Déclarer le prêt familial à l'administration fiscale
Si le prêt dépasse 5 000 euros, il doit être déclaré aux impôts par l’une ou l’autre des parties, l’année suivante, en même temps que la déclaration de revenus, via le formulaire Cerfa n°2062, en indiquant le taux d’intérêt. Et s’il y a des intérêts, ceux-ci doivent être déclarés par le prêteur dans sa déclaration annuelle de revenus, dans la catégorie des « revenus de capitaux mobiliers ». Toute non-déclaration est passible d’une amende de 150 euros. « De plus, s’il n’est pas déclaré, un prêt peut être requalifié en « donation déguisée » par l’administration fiscale, donnant lieu alors à des droits de donation, assortis d’intérêts de retard, voire de pénalités majorées », avertit Lydie Cousin. Si le contrat est rédigé par un notaire, c’est lui qui se charge de déclarer le prêt aux impôts.
Un nouveau dispositif pour financer un logement
La loi de finances 2025 instaure la possibilité de donner 100 000 €, sans droit à payer, à un descendant (enfant, petit-enfant et arrière-petit-enfant), pour financer l’achat d’un logement neuf ou des travaux de rénovation énergétique de la résidence principale éligibles à l’aide MaPrimeRénov’ (isolation, pompe à chaleur…) Les travaux sont à réaliser entre le 15 février 2025 et le 31 décembre 2026. L’argent donné doit être utilisé dans le sixième mois suivant le versement. Chaque donateur peut donner jusqu’à 100 000 € à un même bénéficiaire qui, lui, peut recevoir, de plusieurs donateurs, un maximum de 300 000 €. La donation peut être plus élevée si la famille bénéficie encore des autres abattements et exonérations habituels qui se reconstituent tous les 15 ans.

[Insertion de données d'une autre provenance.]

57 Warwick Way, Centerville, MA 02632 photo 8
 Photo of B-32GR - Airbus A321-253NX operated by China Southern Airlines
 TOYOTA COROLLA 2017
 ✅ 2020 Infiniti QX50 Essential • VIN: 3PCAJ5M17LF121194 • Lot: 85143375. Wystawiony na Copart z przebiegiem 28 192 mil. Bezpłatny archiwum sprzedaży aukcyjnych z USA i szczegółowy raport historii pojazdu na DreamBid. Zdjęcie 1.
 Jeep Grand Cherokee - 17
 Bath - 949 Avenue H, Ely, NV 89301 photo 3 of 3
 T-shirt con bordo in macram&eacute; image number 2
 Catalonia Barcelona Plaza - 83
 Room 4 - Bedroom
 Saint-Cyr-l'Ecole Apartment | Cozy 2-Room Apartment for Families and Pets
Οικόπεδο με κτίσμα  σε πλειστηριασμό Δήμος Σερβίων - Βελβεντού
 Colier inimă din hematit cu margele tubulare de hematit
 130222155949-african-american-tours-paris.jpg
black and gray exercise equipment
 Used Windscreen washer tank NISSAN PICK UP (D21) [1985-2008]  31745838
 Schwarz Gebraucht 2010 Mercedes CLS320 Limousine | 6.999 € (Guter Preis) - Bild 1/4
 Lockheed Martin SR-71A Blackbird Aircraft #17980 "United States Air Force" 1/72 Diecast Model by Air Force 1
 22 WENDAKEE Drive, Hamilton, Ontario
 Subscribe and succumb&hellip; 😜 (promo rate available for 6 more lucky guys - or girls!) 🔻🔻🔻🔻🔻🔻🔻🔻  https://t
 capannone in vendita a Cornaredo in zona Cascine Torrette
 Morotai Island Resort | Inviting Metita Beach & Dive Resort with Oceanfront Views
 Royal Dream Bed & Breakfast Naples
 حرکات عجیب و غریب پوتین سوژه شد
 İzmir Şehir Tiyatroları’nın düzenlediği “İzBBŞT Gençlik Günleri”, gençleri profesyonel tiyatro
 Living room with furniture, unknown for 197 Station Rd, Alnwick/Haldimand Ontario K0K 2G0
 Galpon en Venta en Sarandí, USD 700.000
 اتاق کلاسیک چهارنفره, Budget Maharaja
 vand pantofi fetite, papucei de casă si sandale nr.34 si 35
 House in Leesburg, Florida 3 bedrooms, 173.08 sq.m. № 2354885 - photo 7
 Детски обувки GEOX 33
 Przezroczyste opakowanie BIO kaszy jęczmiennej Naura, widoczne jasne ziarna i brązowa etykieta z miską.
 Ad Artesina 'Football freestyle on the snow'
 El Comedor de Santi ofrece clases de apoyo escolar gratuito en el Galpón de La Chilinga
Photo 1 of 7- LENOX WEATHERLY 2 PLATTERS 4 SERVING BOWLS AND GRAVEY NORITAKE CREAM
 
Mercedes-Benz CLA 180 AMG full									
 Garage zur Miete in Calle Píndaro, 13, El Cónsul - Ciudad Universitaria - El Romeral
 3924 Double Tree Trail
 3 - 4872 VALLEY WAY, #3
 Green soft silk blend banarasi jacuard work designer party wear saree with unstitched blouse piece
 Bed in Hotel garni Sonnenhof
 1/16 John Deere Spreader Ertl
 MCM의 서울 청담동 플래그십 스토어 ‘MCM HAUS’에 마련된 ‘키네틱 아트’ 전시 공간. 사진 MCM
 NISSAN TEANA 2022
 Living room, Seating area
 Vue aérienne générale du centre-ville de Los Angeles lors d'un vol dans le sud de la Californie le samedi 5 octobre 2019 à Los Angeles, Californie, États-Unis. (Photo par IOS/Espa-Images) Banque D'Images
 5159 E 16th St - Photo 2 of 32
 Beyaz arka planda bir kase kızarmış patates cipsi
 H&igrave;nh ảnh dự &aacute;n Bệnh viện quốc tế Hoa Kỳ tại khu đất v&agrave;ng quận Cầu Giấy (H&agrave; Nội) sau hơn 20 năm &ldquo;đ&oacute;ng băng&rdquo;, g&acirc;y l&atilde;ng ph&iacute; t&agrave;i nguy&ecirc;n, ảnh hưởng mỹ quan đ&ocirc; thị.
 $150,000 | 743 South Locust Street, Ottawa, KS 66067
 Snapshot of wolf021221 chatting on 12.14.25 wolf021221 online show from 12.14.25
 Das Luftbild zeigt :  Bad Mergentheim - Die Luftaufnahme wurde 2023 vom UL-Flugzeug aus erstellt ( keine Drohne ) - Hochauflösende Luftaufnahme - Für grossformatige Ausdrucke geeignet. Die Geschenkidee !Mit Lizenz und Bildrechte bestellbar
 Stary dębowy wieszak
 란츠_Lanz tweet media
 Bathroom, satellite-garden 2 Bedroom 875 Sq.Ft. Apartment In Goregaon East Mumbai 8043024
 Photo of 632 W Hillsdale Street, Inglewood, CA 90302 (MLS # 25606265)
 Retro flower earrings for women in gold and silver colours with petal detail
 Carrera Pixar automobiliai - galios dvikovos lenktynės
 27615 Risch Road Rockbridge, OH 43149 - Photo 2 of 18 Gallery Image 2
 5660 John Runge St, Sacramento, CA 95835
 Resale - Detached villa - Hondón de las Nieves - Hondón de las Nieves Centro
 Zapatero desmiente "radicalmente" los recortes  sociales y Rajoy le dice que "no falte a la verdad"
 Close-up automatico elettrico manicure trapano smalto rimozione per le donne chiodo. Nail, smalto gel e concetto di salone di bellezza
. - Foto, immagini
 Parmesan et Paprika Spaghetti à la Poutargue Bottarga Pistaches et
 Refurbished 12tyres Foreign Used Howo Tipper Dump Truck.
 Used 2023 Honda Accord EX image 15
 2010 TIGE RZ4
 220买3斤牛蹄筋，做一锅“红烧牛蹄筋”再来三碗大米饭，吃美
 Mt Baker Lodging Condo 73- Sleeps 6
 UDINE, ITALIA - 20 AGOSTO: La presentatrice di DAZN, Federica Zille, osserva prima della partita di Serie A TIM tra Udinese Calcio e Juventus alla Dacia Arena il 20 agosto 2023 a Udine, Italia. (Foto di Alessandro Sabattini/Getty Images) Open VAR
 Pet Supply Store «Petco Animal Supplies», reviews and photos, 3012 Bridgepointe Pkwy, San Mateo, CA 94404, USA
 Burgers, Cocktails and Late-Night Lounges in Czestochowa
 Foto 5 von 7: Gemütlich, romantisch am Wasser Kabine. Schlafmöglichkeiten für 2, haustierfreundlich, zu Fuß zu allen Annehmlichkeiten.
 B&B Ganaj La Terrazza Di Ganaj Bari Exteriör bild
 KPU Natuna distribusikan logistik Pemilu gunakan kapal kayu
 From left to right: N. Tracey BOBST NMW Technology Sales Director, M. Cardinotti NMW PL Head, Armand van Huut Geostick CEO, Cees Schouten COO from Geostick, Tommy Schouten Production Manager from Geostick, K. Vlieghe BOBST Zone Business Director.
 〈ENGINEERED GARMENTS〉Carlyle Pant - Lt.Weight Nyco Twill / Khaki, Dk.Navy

Ne pas négliger les dons manuels
Une autre possibilité pour aider un jeune est le don manuel, qui peut se faire avec ou sans l’intervention d’un notaire. De parent à enfant, une donation jusqu’à 100 000 € par parent est possible sans droit de donation tous les 15 ans. Si la donation se fait de grand-parent à enfant, elle peut atteindre 31 865 € sans droit de donation tous les 15 ans. Si la donation se fait en ligne collatérale (d’oncle/tante à neveu/nièce…), elle peut atteindre 7 967 € tous les 15 ans sans droit de donation. En plus de ces abattements, un don familial d’argent jusqu’à 31 865 € peut être exonéré de droits tous les 15 ans, si le donateur a moins de 80 ans et le donataire plus de 18 ans, indépendamment du lien de parenté. Un don manuel doit être déclaré dans le mois qui suit via l’imprimé fiscal Cerfa n° 2735 ou en ligne sur le site du service public. Comme pour un prêt, un don peut ensuite être réintégré à la succession dans le cadre d’une donation-partage.